Tau remete à proteína tau, encontrada nos neurônios do cérebro e que tem uma participação importante na progressão da doença de Alzheimer. Também Pode associar à cruz em formato de tau, usada como instrumento de tortura e execução pelos romanos, simbolizando o sofrimento, o calvário do protagonista
A narrativa descreve uma pessoa com Alzheimer em primeira pessoa, o que se torna inverossímil. Uma descrição detalhada vista pelo paciente, embora na realidade, o paciente não tenha esse discernimento na fase mais aguda. Em ficção tudo vale, ou quase tudo. TAU é uma letra grega, tem alguns significados inclusive voltado ao Divino. De certa forma, a pessoa com Alzheimer, se transforma numa criança ingênua, que não sabe o que faz e não tem mais a capacidade do raciocínio lógico, é desprovido de malícia, é ingênua e pura, logo, tem uma ligação com Tau, a Esfera Superior.
Olá, Seu Aristides, tudo bem?
O tema proposto foi abordado com sucesso, pelo menos a mim impôs terror psicológico. Que angústia ler o relato de uma vítima do Mal de Alzheimer. Quanto à crítica do colega Anderson, discordo, pois não se sabe com certeza, com dados científicos, o que se passa na mente de um desmemoriado… podem ter ocorrido momentos de lucidez e que foram registrados… ah, Anderson, deixa a imaginação fluir, por favor.
O conto no geral está bem escrito, apesar de alguns pronomes oblíquos no começo das frases me incomodarem um pouco, mas entendeu que se optou pela naturalidade da fala na narrativa.
mas lembro de minha filha me encontrando, > mas me lembro de minha filha
Não conseguia desistir se era humana ou um fantasma > Não consegui decidir
Enfim, é isso. Sofri com a leitura, mas achei comovente… e angustiante… e um terror!
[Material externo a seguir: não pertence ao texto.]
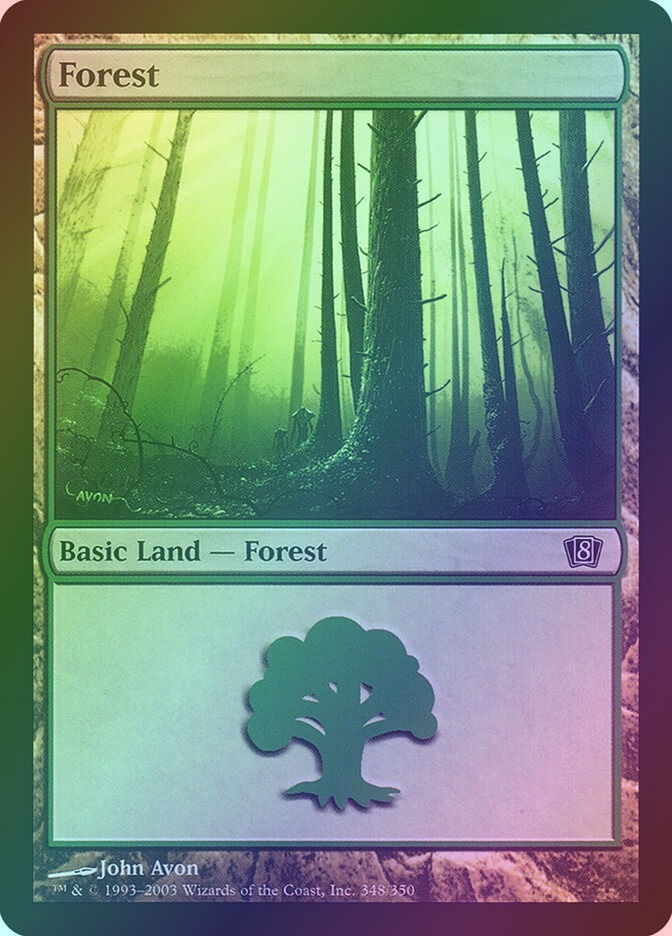 Forest (8ED) (348★) / Foil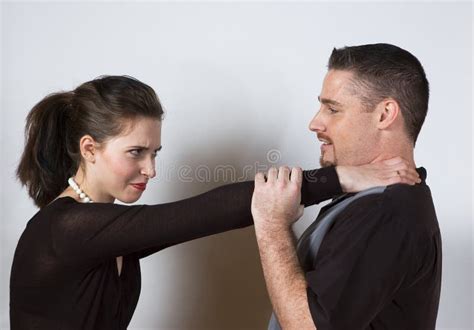 Choke Hold stock image. Image of neck, hold, violent, woman - 910161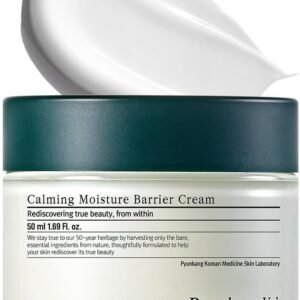 [PKY] Pyunkang Yul Calming Moisture Barrier Cream Instantly Soothes Sensitive Skin, Hyaluronic Acid & Ceramide for Hydration, Vegan, Korean Skincare (3.4 Fl. Oz, 50ml)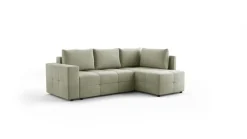 Ecksofa mit Bettfunktion und Bettkasten grün Flachgewebe B/T: ca. 238x167 cm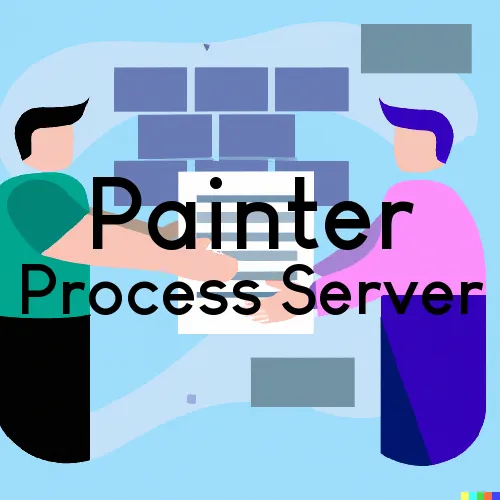 Painter, VA Process Servers and Courtesy Copy Messengers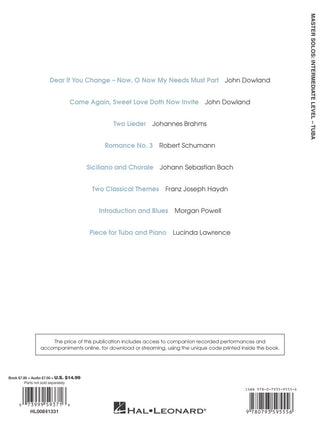 Master solos niveau intermédiaire, Tuba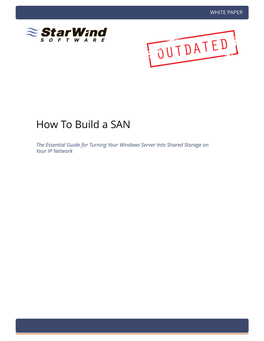How to Build a SAN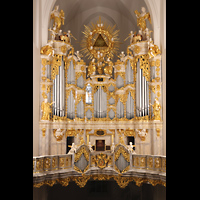 Wroclaw (Breslau), Bazylika sw. Elzbiety (St. Elisabeth), Vor der Rekonstruktion angefertigtes 1:10-Modell der Orgel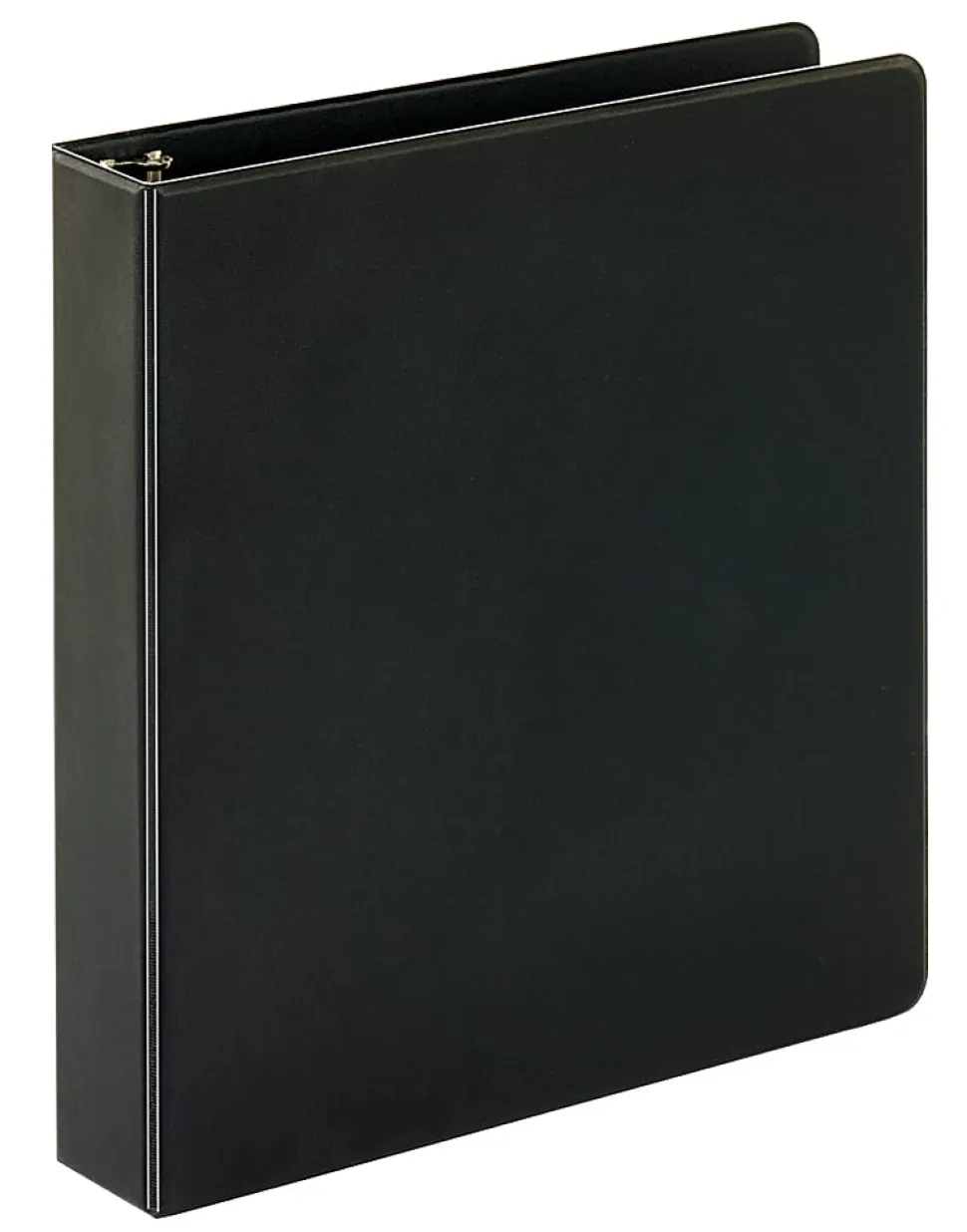 Just Basics® Economy Nonview 3-Ring Binder, 1 1/2" Round Rings, Black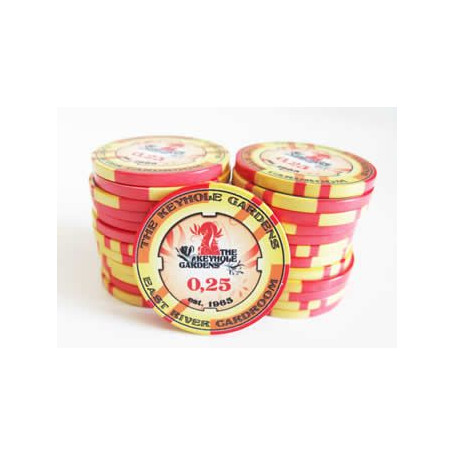 jetons de poker en ceramique 0,25 garden
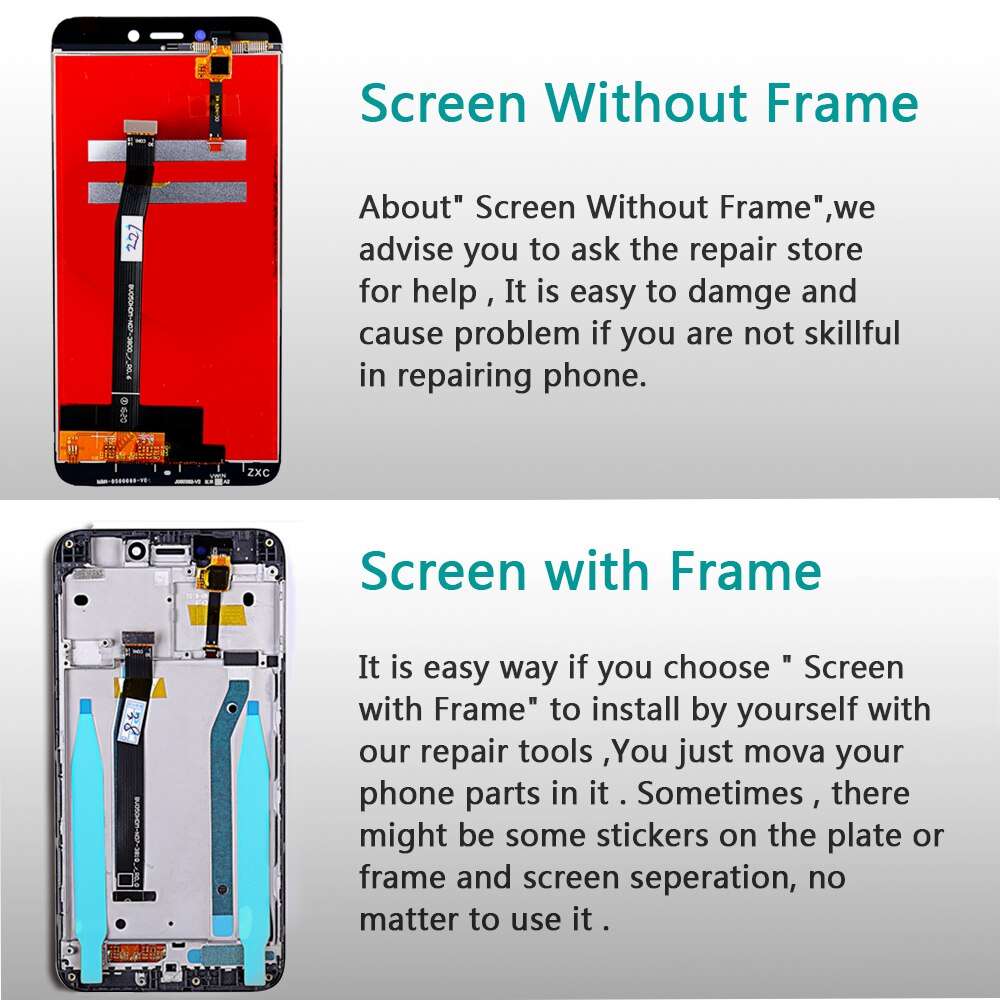 Fansu AAA IPS Lcd Display For Xiaomi Redmi 4X 5.0 inch Digitizer Assembly 1280*720 Frame Touch Screen for Redmi 4x lcd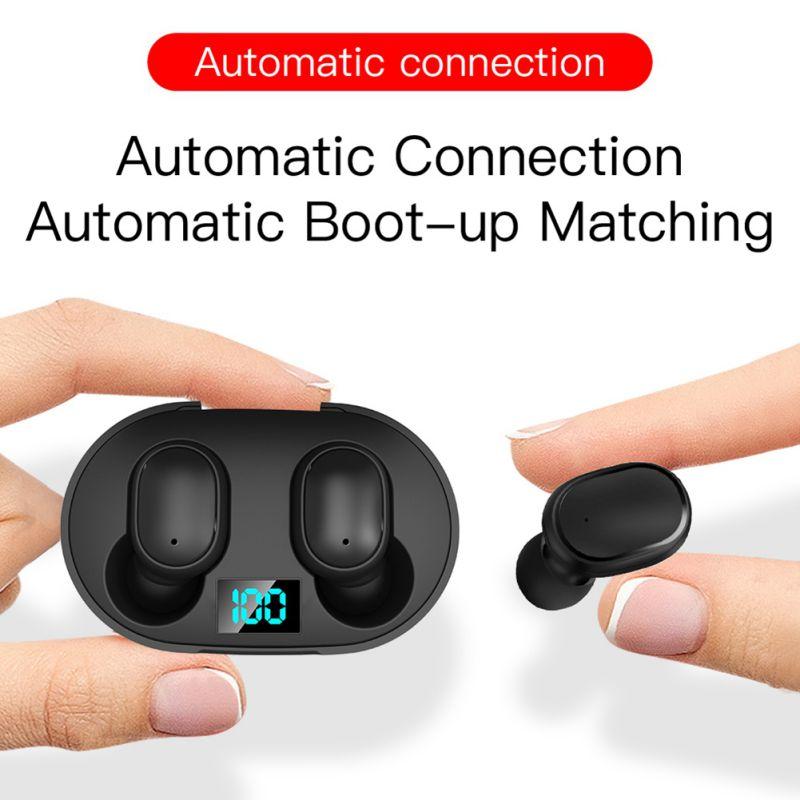 PJD TWS Bluetooth Không Dây Tai Nghe Nhét Tai Xiaomi Redmi Loại Bỏ Tiếng Ồn Tai Nghe Có Micro Tay Nghe Tai Nghe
Parabéns pela participação no desafio e boa sorte!
Oi Seu Aristides.
A premissa de sua história é muito boa e atende bem ao tema proposto.
Acompanhar o relato é angustiante e é possível sentir a desorientação do personagem narrador. Porém, um pitaco: acho que se a narrativa se passasse no presente, a sensação seria mais intensa. No presente e em primeira pessoa, o leitor acompanharia o desenrolar das situações mais de perto, na pele do personagem.
Boa sorte no desafio.
Kelly
O conto possui um erro grave de construção que conduz a uma inverossimilhança terrível: é narrado em primeira pessoa no tempo passado, ou seja, o narrador se vale de suas memórias para nos trazer seu relato; ocorre que, do enredo, exsuge que o narrador-protagonista é um imemoriado, uma vítima de Alzheimer. Como pode uma vítima de Alzheimer, um imemoriado, uma pessoa em estado de mais absoluta confusão mental narrar em primeira pessoa com tanta lucidez, com tanta ordenação, com tanta memória, com tanta clareza? A tentativa de aproveitamento do tema foi boa, mas o texto deveria ter sido apresentado na terceira pessoa. Quanto ao mais, sugiro ao autor ser mais econômico no uso de pronomes: releia o texto suprimindo os pronomes ou fazendo pequenas substituições (especialmente por artigos): se não houver alteração de sentido, extirpe os pronomes (eu, meu, minha etc.).